**AVAILABLE DATA:**
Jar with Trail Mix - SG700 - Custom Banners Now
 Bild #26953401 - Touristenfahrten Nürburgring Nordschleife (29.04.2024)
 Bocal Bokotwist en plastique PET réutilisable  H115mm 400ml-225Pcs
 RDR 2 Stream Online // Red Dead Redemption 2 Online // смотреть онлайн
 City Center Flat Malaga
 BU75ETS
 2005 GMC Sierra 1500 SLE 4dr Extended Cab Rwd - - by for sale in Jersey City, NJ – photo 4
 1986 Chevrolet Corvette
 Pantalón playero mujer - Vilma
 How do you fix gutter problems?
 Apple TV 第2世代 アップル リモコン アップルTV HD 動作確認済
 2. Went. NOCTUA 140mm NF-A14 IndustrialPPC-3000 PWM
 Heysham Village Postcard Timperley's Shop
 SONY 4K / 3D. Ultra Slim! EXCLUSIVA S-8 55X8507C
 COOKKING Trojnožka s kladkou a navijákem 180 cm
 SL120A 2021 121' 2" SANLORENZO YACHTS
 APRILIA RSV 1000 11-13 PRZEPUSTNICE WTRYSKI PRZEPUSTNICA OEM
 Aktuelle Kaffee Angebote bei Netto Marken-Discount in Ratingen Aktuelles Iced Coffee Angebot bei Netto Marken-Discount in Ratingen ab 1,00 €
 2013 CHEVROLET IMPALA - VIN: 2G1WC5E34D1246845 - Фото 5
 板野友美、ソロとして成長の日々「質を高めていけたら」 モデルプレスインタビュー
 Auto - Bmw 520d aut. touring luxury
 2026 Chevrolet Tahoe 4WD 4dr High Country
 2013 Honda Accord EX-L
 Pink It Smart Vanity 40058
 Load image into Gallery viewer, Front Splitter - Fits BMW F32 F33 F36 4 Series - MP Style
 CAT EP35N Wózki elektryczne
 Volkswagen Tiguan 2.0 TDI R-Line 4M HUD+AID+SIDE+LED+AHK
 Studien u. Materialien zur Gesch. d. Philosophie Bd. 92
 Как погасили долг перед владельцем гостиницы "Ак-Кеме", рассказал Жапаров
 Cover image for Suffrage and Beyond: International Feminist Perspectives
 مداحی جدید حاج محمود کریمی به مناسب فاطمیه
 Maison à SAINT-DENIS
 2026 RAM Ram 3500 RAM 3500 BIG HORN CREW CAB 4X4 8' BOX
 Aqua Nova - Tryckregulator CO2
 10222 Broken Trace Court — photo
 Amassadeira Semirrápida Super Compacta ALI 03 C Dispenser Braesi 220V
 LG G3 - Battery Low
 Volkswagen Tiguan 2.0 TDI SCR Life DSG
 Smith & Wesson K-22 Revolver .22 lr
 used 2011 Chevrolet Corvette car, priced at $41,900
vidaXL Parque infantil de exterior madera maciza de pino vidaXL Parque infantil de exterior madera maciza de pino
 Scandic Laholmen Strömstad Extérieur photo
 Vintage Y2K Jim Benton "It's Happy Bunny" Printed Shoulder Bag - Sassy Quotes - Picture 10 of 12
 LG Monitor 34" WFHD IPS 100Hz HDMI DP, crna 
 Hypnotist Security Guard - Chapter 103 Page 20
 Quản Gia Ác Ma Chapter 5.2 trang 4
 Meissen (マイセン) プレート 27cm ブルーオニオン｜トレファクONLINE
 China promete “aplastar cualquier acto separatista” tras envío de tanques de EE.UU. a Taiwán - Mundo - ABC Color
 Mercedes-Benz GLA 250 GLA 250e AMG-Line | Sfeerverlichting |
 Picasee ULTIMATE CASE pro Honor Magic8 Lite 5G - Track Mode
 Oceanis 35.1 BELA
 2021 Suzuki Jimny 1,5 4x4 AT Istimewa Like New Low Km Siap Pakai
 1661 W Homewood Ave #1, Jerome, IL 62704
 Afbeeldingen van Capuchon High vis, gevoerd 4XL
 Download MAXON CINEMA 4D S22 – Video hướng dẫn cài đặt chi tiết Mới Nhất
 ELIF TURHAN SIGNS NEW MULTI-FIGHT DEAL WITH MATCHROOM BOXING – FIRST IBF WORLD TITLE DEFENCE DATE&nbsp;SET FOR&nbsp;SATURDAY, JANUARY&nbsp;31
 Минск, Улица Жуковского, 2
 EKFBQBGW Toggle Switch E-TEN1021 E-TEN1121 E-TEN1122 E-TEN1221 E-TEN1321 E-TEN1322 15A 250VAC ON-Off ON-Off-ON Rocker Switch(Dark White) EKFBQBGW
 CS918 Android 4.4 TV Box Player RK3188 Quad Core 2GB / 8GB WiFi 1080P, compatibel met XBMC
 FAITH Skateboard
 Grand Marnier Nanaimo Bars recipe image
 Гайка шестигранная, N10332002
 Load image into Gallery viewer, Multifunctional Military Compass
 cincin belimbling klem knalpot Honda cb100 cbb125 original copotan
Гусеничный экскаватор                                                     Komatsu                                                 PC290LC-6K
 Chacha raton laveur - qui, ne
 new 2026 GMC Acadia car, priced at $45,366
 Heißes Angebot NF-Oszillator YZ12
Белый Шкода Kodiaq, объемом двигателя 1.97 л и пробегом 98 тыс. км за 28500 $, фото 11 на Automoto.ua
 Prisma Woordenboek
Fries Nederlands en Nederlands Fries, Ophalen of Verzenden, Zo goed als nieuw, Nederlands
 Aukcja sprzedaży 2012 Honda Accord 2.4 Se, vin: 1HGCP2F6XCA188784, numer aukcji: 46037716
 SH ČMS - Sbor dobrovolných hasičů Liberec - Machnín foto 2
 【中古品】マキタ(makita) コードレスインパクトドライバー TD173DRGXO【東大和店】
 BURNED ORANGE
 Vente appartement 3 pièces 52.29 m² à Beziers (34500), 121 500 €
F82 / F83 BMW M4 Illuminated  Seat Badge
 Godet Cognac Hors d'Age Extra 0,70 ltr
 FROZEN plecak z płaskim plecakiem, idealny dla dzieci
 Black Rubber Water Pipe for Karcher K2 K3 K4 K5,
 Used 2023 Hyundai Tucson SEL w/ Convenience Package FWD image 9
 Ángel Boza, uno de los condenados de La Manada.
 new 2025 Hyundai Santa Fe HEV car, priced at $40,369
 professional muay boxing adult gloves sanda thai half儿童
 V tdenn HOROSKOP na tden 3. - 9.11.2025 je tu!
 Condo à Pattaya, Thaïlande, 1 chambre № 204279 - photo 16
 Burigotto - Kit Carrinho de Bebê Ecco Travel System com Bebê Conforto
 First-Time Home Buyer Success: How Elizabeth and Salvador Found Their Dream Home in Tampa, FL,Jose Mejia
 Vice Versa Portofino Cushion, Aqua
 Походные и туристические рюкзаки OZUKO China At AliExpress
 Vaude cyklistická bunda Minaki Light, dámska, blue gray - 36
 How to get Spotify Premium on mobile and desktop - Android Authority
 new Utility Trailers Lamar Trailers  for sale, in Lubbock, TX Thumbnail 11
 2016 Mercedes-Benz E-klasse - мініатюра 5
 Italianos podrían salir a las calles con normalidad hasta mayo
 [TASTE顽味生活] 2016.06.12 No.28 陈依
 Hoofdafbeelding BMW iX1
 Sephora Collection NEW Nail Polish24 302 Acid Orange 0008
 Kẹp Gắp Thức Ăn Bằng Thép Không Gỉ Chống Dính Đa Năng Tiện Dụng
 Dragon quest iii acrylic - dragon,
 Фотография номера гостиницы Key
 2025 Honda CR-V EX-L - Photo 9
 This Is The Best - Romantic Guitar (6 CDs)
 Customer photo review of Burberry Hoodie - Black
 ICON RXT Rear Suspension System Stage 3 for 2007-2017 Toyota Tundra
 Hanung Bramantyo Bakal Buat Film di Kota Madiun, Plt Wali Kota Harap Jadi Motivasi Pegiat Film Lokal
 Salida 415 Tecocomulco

**TASK DESCRIPTION:** Lines of the listing above that hold the string "priced" should each be copied.

**SOLUTION FOR THIS PROBLEM:**
 used 2011 Chevrolet Corvette car, priced at $41,900
 new 2026 GMC Acadia car, priced at $45,366
 new 2025 Hyundai Santa Fe HEV car, priced at $40,369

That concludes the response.